Extraction of genomic DNA
Removal of proteins from nucleic acids can be achieved by extraction with phenol:chloroform solutions. For crude mixtures of nucleic acids, digestion with a broad range proteolytic enzyme prior to the phenol:chloroform extraction may be beneficial. Although proteins are efficiently denatured by phenol, RNase activity is not completely inhibited. Therefore, a small amount of isoamyl alcohol is added to further ensure the deactivation of RNase activity. For DNA extraction, the pH of the phenol phase can be adjusted to 8.0 by equilibration with tris buffer.
Procedure
The protocol for removal of proteins form nucleic acids follows:
1. Mix equal volume of phenol: chloroform: isoamyl alcohol solution with the nucleic acid solution in polypropylene tube with a cap. Mix briefly until an emulsion forms.
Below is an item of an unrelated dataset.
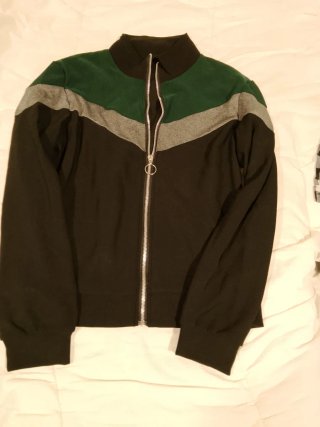 Sudadera cremallera color block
2. Centrifuge at 12,000 g for 3-5 minutes at room temperature. The aqueous phase (upper) and organic phase (lower) should be well separated. The interface, which typically appears as an opaque disc, contains the denatured proteins.
3. Transfer the aqueous phase to a new tube. Discard the interface and organic phase.
4. Repeat steps 1-3 until no protein is visible at the interface.
5. Mix equal volume of chloroform with the aqueous phase. Centrifuge at 12,000 g for 3-5 minutes. This step will remove any residual phenol. Optional step.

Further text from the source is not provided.